12 months agoTony Andracki

Earlier this week, the Cubs declared to the baseball world that they are going for it this season.

And with the trade deadline in the rearview mirror, they drove that point home against the first-place Reds on back-to-back nights behind a relentless lineup.

First it was a 20-9 thrashing Tuesday evening at Wrigley Field.

Then it was a 16-6 drubbing Wednesday night that set some Cubs records in the process.

The Cubs are the first team in Major League Baseball history to have 5 homers and 10 extra-base hits in consecutive games:

It was the first time since at least 1901 that the Cubs scored 16 runs in back-to-back games.

The 36 runs between Tuesday and Wednesday marks the highest total for a Cubs offense in a 2-game span since June 29-30, 1897 when they scored 43 in back-to-back games.

The 12 homers between Tuesday and Wednesday is the most in a 2-game span in franchise history (since at least 1901).

After the Reds jumped out to an early 3-0 lead with a pair of homers off Drew Smyly, the Cubs offense took control of the game.

They scored in 6 straight frames from the 3rd inning on and did a bit of everything.

The Cubs showed off power (5 homers, 6 doubles), took advantage of mistakes (scoring 4 runs on 3 errors by Reds third baseman Nick Senzel) and saw production up-and-down the lineup (8 different players scored a run).

“I think the more impressive part is getting down early and fighting back,” Ian Happ said. “I think the consistent at-bats. It’s not just the homers. It’s guys going out there, getting on base, the singles that lead to getting pitchers deep in pitch counts and being able to take advantage. That part of it is the more impressive part.”

The big deadline acquisition — Jeimer Candelario — has fit in seamlessly, going 8-for-9 with a walk and 6 runs scored in his first two games back with the Cubs (that included a 4-for-4 performance and 4 runs in Wednesday’s game).

“Even in the 1st, we made the guy throw 24 pitches,” David Ross said. “We’re not going down 1-2-3. It’s hard to get everybody out. Nobody’s chasing. Nobody’s going outside of what they’re trying to do and sticking to their plan so they have to work. And then get to the underbelly of the bullpen and guys having to work and you just get to your rhythm and your zones where you’re trying to do damage and your approach and these guys are just staying within themselves.

“Balls are going all over the place. Really big walks, too. If you’re not gonna pitch to a guy or give him something to handle, the guys are willing to take their walk. That pass-the-baton type of mentality has really been impressive. And guys come up and get really big hits. … Just everybody’s contributing. Candy — jeez louise. My goodness. It’s been fun to watch.”

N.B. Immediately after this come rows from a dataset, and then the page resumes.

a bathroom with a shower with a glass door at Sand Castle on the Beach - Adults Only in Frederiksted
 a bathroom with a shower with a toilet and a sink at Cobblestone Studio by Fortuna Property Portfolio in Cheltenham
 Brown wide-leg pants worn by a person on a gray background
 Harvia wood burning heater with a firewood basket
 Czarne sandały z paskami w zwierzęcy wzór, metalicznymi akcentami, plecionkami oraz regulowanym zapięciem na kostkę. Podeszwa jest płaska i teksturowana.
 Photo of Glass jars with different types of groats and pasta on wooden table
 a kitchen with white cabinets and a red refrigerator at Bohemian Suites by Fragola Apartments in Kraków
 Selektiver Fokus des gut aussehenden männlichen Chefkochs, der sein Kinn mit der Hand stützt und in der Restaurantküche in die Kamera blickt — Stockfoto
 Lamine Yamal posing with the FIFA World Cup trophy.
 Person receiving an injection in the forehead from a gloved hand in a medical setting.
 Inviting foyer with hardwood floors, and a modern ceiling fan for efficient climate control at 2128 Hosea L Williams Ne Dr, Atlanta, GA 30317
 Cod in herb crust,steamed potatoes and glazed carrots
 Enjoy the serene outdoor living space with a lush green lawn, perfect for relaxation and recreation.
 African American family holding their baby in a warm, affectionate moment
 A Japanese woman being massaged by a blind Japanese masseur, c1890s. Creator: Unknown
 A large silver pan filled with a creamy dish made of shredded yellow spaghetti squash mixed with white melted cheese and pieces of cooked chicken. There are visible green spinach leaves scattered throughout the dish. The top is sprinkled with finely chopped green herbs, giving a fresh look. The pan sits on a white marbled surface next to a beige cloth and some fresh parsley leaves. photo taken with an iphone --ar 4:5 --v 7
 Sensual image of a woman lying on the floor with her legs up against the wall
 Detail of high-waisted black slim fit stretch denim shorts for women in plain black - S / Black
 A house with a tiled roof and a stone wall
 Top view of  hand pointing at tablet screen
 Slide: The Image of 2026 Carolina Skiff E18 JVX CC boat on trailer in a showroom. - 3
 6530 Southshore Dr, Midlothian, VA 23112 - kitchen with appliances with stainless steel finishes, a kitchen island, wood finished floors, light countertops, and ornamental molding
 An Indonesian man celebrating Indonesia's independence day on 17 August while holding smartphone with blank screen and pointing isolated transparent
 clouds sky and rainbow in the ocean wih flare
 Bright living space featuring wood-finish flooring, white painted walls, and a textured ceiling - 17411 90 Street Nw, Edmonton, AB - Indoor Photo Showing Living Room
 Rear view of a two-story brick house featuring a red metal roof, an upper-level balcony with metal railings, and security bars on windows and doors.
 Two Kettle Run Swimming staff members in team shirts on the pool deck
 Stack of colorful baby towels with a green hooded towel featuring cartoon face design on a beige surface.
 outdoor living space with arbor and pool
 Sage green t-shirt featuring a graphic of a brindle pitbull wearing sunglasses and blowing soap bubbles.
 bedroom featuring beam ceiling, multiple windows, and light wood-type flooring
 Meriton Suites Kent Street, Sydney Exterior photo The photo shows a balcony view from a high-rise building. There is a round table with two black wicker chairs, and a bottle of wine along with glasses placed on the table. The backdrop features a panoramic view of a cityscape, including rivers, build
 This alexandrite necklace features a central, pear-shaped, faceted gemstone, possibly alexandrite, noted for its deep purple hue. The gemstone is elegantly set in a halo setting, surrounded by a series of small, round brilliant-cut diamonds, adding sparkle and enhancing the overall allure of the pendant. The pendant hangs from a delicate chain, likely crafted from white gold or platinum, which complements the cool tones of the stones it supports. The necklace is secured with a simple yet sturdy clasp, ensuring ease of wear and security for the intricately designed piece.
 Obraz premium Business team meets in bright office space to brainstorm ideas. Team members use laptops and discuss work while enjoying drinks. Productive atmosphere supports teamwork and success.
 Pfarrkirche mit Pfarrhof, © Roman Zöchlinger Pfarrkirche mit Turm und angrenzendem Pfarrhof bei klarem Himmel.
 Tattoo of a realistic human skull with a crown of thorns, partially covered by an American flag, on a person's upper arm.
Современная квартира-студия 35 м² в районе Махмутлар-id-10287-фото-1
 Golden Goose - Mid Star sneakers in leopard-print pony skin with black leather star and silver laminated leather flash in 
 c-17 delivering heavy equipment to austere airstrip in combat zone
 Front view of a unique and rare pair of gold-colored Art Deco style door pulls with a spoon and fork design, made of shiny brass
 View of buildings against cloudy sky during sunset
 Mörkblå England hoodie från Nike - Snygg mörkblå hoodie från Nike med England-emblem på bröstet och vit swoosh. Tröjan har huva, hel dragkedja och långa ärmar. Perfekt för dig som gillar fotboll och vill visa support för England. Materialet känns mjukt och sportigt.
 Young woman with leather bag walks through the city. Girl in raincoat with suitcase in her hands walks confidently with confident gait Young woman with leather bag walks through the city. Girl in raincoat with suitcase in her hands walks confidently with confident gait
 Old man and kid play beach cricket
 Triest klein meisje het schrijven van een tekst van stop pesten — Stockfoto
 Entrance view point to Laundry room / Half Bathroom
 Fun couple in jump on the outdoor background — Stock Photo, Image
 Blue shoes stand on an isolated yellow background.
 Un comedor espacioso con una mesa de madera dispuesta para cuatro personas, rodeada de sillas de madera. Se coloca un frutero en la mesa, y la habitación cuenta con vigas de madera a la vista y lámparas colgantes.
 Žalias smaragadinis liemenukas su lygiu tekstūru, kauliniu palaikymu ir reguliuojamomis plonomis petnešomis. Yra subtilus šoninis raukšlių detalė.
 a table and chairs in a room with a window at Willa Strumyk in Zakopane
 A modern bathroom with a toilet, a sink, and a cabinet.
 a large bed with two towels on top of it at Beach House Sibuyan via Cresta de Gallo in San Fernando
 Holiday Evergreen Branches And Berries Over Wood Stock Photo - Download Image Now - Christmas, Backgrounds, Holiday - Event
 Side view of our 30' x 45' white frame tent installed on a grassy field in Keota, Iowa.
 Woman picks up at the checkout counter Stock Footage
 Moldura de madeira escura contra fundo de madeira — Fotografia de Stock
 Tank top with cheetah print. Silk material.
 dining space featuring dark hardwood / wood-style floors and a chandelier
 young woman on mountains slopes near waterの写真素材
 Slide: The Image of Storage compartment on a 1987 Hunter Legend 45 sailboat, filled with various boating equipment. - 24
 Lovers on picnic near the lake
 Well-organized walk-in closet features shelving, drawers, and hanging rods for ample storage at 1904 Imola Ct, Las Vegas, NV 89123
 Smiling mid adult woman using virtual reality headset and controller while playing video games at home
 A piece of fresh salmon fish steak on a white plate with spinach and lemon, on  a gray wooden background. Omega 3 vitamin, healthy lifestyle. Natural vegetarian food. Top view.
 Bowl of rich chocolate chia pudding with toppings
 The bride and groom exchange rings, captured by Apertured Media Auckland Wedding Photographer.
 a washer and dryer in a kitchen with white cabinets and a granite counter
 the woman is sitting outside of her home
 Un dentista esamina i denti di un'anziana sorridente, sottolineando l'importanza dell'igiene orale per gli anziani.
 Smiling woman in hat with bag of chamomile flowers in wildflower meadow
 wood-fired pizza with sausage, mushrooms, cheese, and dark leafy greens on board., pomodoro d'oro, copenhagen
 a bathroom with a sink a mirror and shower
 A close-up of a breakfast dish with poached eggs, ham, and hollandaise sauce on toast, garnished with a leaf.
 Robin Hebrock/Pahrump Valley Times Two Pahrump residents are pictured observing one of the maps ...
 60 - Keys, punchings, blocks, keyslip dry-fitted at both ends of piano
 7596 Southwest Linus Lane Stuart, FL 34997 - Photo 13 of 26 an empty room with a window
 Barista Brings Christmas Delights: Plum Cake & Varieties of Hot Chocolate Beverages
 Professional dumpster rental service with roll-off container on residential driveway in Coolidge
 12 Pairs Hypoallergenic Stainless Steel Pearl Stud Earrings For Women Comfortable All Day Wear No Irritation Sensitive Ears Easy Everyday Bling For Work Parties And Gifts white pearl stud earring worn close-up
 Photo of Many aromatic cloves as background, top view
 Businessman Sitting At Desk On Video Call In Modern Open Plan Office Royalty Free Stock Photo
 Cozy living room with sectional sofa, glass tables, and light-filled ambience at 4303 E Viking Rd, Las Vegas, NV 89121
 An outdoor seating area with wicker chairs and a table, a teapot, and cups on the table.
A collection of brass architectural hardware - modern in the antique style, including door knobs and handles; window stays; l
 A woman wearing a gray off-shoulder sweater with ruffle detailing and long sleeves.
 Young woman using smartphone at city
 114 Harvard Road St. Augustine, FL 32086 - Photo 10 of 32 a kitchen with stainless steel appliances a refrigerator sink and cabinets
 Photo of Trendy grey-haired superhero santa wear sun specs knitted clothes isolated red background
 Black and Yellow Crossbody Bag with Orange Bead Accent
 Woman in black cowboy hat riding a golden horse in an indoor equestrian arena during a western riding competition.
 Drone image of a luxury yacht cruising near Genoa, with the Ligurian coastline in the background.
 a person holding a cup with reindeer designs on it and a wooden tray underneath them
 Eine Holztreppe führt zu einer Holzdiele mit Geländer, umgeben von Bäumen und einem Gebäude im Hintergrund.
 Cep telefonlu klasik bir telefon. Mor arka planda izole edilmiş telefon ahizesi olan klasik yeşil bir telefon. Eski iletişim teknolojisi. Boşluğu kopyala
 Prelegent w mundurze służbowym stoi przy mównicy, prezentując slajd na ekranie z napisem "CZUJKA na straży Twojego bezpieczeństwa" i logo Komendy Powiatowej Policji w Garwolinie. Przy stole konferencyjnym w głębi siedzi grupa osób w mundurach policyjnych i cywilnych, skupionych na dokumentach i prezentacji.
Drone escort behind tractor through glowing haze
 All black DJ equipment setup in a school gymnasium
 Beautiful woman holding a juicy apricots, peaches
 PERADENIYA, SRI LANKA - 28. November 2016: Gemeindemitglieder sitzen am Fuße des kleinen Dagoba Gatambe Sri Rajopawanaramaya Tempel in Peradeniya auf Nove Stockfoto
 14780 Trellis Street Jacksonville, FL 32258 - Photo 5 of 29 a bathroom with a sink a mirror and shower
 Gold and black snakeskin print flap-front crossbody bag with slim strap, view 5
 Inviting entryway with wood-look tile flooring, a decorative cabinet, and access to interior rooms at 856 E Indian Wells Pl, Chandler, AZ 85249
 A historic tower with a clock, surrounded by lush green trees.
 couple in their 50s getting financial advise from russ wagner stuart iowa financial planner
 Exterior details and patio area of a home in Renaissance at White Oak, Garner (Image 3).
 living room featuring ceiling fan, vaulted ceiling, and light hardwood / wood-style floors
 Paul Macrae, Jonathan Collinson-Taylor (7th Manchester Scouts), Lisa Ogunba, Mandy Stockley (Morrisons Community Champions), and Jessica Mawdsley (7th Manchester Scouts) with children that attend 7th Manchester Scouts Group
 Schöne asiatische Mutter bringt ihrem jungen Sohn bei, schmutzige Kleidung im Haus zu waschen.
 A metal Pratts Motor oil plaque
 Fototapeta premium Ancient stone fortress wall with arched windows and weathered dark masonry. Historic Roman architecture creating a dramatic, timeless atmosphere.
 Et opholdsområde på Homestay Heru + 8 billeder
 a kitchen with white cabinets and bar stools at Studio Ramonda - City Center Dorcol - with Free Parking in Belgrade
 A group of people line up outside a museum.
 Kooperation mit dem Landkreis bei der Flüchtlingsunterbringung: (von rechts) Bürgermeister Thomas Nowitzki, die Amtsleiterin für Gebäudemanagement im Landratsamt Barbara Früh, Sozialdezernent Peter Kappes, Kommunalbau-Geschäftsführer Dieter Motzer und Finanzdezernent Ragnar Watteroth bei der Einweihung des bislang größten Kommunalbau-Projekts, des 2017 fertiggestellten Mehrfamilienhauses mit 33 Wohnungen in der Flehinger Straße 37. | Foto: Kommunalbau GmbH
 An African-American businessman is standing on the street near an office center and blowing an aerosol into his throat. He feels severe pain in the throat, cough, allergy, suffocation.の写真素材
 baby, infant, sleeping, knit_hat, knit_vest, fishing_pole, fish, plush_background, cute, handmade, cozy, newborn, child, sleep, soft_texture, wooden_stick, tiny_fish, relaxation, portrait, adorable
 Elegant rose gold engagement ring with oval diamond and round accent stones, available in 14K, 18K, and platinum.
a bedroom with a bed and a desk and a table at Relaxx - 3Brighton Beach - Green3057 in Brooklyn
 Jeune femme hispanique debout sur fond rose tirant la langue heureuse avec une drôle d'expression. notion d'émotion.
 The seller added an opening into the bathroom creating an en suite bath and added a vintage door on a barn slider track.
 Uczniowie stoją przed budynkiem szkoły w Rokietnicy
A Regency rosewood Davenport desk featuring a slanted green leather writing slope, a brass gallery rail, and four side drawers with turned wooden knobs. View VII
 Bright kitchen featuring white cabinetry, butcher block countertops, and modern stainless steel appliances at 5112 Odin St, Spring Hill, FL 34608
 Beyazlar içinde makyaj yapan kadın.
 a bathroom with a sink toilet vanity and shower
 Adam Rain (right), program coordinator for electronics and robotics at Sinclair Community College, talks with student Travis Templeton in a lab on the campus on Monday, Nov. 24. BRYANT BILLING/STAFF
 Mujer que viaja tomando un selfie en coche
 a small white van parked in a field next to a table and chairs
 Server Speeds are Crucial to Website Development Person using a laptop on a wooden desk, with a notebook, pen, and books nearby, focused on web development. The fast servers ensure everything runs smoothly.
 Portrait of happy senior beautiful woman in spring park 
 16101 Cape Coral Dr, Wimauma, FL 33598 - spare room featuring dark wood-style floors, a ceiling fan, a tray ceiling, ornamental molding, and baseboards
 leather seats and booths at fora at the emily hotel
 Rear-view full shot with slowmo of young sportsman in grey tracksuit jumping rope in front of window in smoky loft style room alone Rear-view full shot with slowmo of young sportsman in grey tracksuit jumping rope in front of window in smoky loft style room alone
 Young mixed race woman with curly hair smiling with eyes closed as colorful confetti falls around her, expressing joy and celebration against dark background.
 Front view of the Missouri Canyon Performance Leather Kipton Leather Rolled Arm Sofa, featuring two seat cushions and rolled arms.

The Cubs offense has been so locked in, they’ve scored over 40 more runs than any other MLB team since the All-Star Break:

Things got so bleak for the Reds pitching staff that they had to trot out backup catcher Luke Maile on the mound in back-to-back nights. 

There has been a lot for the home crowd to cheer for the last two nights, but the energy and buzz around Wrigley Field this week has been different.

“Man, this place is special,” Ross said. “It got loud tonight. That was fun. These fans are phenomenal. … It was really noticeable tonight.”

The Cubs are now 3 games behind the Reds in the NL Central and the two teams will square off Thursday night for the series finale.